Atapattu achieved that dream in 1990 and a few months after winning the prestigious Observer Schoolboy Cricketer of the Year award in 1990, he was selected to make his Test debut for Sri Lanka on November 23 the same year, against India in Chandigarh. His ODI debut came a month later - on December 1, 1990 also against India in Nagpur. The former Lankan skipper and ex-Sri Lanka coach said that most schools now tend to employ young coaches who could inspire the cricketers to win matches.

“But they are not interested in producing quality players who could step into the national team. During our time, we counted the many former cricketers of our school who were in the national team. But it’s not the case anymore,” he said.

“Almost all those who have won top awards at the Observer Schoolboy Cricketer of the Year show have stepped into the national team in quick time. Most importantly, many of them have established their mark as top national players,” he said.

Atapattu said that the unnecessary competitiveness has destroyed the standard of Sri Lanka’s school cricket system which was once considered to be the best in the world with a well-knit tournament structure.

The dependable opener has scored six double-hundreds in Tests, a feat bettered only by Don Bradman (12), Kumar Sangakkara (11), Brian Lara (9), Mahela Jayawardene and Wally Hammond (7 each).

Virendra Sehwag, Javed Miandad, Ricky Ponting and Sachin Tendulkar too have scored six double centuries each but had played more Tests than Atapattu.

He identified the unwarranted competitiveness created by coaches, school authorities and old boys as one of the main reasons for the deteriorating standard of school cricket. “They force cricketers of their school to win matches in all formats. They are not interested in producing quality cricketers who could dish out top class cricket but only insist on winning matches at any cost. That kills the standard of school cricket,” said Atapattu. When asked about the huge spectator interest during his era of school cricket, nearly three decades ago, Atapattu said there are several other factors, although the main reason for such disinterest is the poor standard of school cricket.

“Everybody is busy with their day to day work. Nevertheless, we could still attract spectators to inter-school matches if they could witness some high quality cricket, instead of dull and monotonous stuff we see quite often now. There are hardly any outstanding players who could attract crowds,” he pointed out.

“During our era, there were many promising schoolboy cricketers who could march into the national team. We could spot them early as future Sri Lanka prospects. Unfortunately, we hardly see that now ,” said Atapattu who has made an immense contribution to Sri Lanka cricket as a stylish opening batsman who is famous for his copybook stroke play.

Atapattu said Sri Lanka could still get back to old glory if they concentrate on improving school cricket with a new approach. Explaining how the country’s school cricket could regain its glorious past, Atapattu said coaches should be careful about the developing of schoolboy cricketers.

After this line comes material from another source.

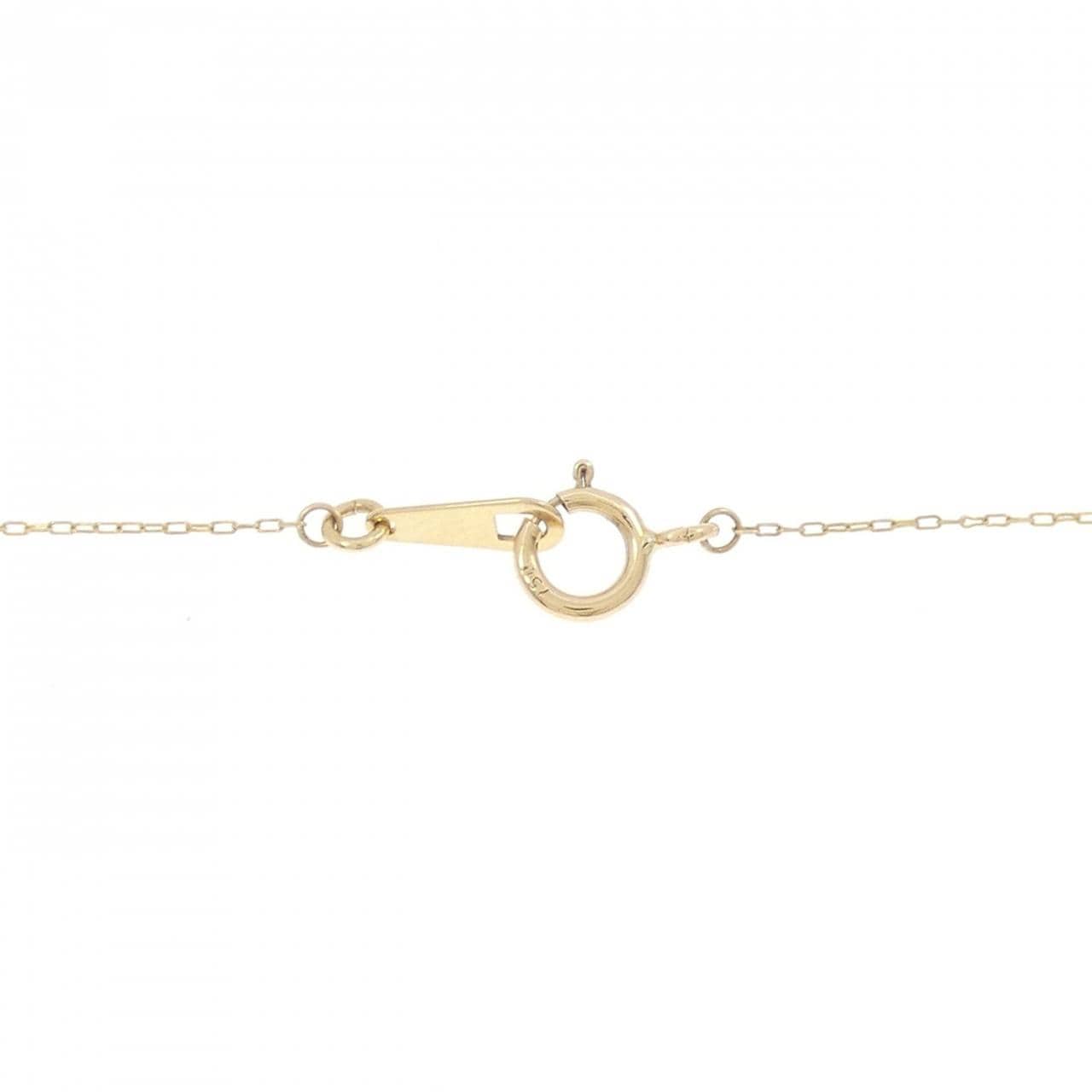 K18YG ダイヤモンド ネックレス 0.10CT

“We must go back to where we were. Coaches must teach the basics properly, the correct technique and not instruct them merely to win matches at any cost. What coaches do now is to try out modifications at a very early age.

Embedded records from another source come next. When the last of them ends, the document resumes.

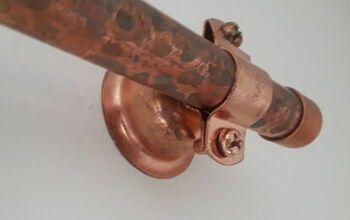 DIY Copper Curtain Rods That Wont Break The Bank | Hometalk Diy Curtain Rod Finials Ideas, Unique Curtain Rods, Copper Pipe Curtain Rod, Curtain Rod Ideas Bedroom, Antique Curtain Rods, Diy Curtain Rod Brackets, Unique Curtain Rod Ideas, Steampunk Curtains, Homemade Curtain Rods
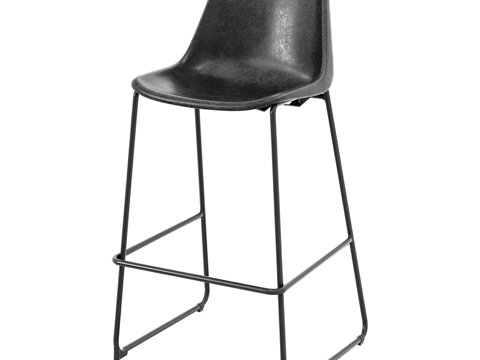  现代简约吧台椅子 椅子 吧凳 简约吧凳 酒吧吧凳3d模型 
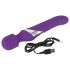 Javida Wand & Pearl - 2in1 hierontavibraattori (violetti)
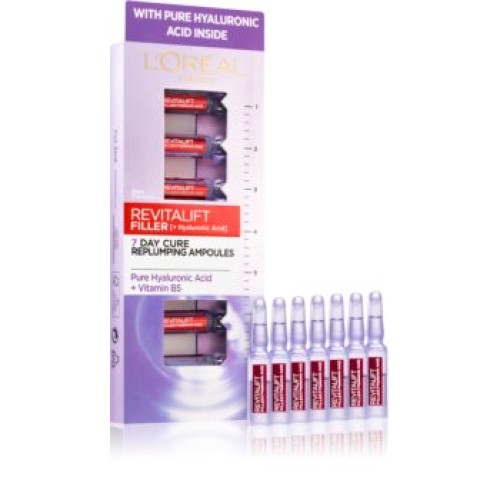 LOREAL REVITALIFT FILLER 7 AMPOLLAS HIALUR. CREMAS FACIALES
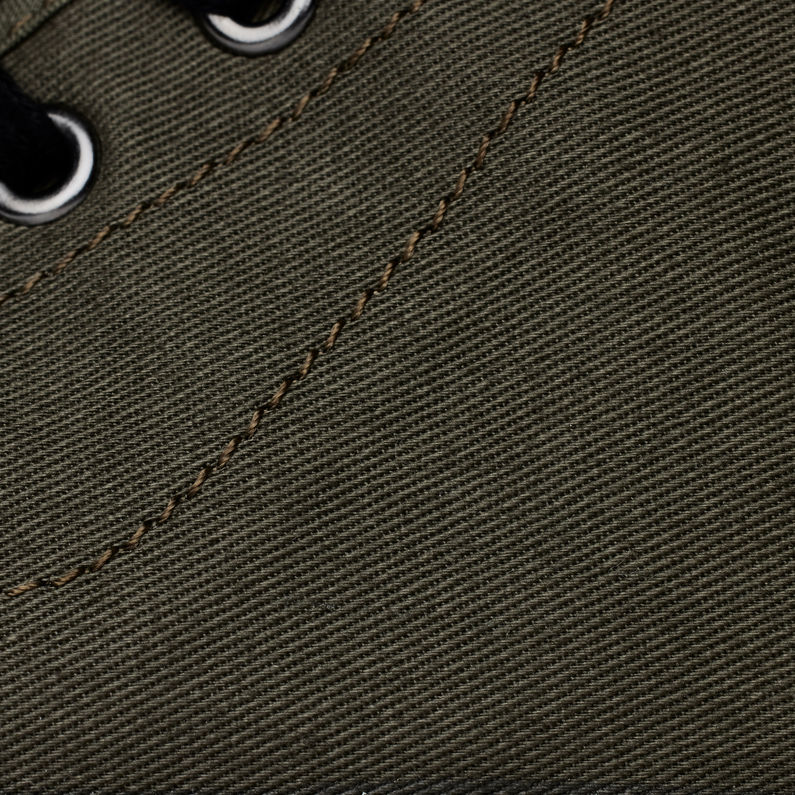 G-Star RAW® Meefic Bo Mid Sneakers Green fabric shot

Coaches remote-control their players and expect the boys to react. This should be changed,” he explained.

He also said that the present day schoolboy cricketers are subjected to undue pressure by their coaches, principals, masters and old boys. “The system is under pressure, trying to win many matches as possible in different formats during a single school cricket season,” he said.

Atapattu, who has aggregated 5502 runs including 16 centuries and 17 fifties in 90 Tests, commended the Observer-Mobitel Schoolboy Cricketer of the Year contest for inspiring budding schoolboy cricketers, giving his personal experience as a junior cricketer at Ananda College, Colombo.

He has proved his class in limited over cricket too, aggregating 8529 runs in 268 ODIs at an average of 37.57 with 11 centuries and 59 half tons. It was a treat to watch when Atapattu was in full flow, mostly in Tests with the high-elbow cover-drive being his signature shot.